Kowloon-Canton Terminus Station, Hong Kong (1916)
The Tsim-Sha-Tsui Terminal building was built in the British section of the Kowloon-Canton Railway on reclaimed land, overlooking the Victoria Harbour. It was the Asiatic terminus of the line from Calais across the Continent, Siberia, Manchuria to Hong Kong.
Hubback’s Official Post/Role: F.M.S Government Architect A.B Hubback F.R.I.B.A.
His professional services was provided by courtesy of the FMS Government.

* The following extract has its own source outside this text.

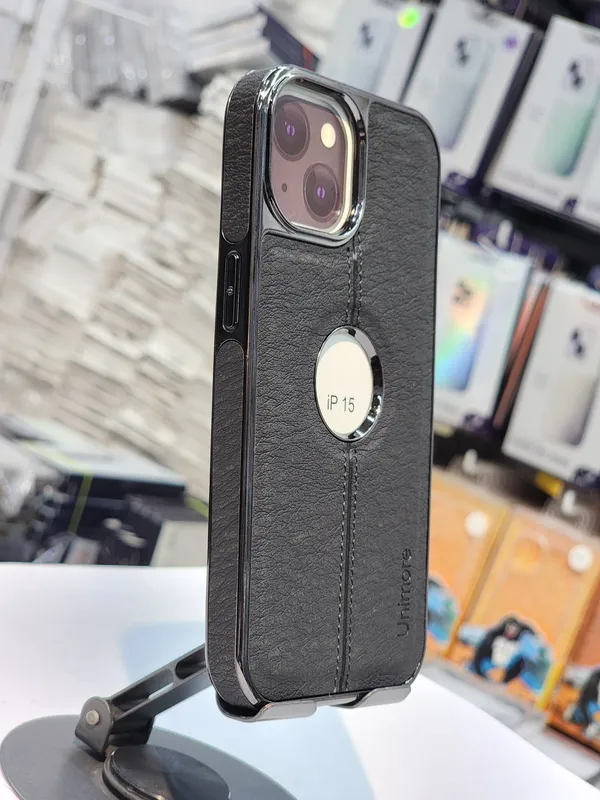 IP_15_Leather_Finish_and_Electroplated_Camera_15_PROtection_Back___(Mobile_Cover)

Design fees was $5000, exclusive of travelling and accommodation expenses to the Colony during his study visit.
Year Designed: indeterminate
Laying of foundations: 1913.
World War I caused fittings and fixtures from Britain to be delayed.
Completion of clock tower: 1915 (only with one side of a clock until 1921
Station's official opening: 28 March 1916
Architectural Style: Edwardian Classical Revival
Brief Architectural Description: Red Canton brick facing with columns and dressing in local grey granite on external walls.
Ground floor accommodation: Customs, Examination Hall, Concourse and Booking Offices, Lavatories, Refreshment Rooms and Station Offices.
1st floor accommodation: Railway Administration Offices
The building was demolished in 1977/78, with the exception of the Clock Tower which remains at its old site. At present, the Hong Kong Space Museum, Hong Kong Museum of Art and Hong Kong Cultural Centre sits on the station’s former ground.
Original Use: Train Station
Original Building Type: Terminal
Current State: Expunged except for its Clock Tower
Current Use: Clock Tower
Current Building Use: Clock Tower / Monument
Declared Monument of Hong Kong (1990)
Gazetted Name: Former Kowloon-Canton Railway Clock Tower, Tsim Sha Tsu
Building News, 31 November 1913
Kowloon-Canton Railway, British Section, Terminal Station, Kowloon
This terminus is in course of construction on Kowloon Point on the mainland, opposite the Island of Hong Kong, for the British Section of the Kowloon Canton Railway. The accommodation provided by this station comprises Customs, Examination Hall, concourse and booking offices, lavatories, refreshment rooms and the usual station offices on the ground floor. The whole of the railway administration offices are on the first floor. The fact that the whole of the site is reclamation ground has made the foundation very expensive, and expenditure had, therefore, to be curtailed on the building itself. The bricks used for facing are red Canton bricks, and columns and dressings are in a local grey granite. When the main lines in China are linked up this station will be the Asiatic terminus of the line from Calais across the Continent, Siberia, Manchuria to Hong Kong. The architect is Mr. Arthur B. Hubback, F.R.I.B.A, Government Architect to the Federated Malay States, who was specially engaged by the Government of Hong Kong.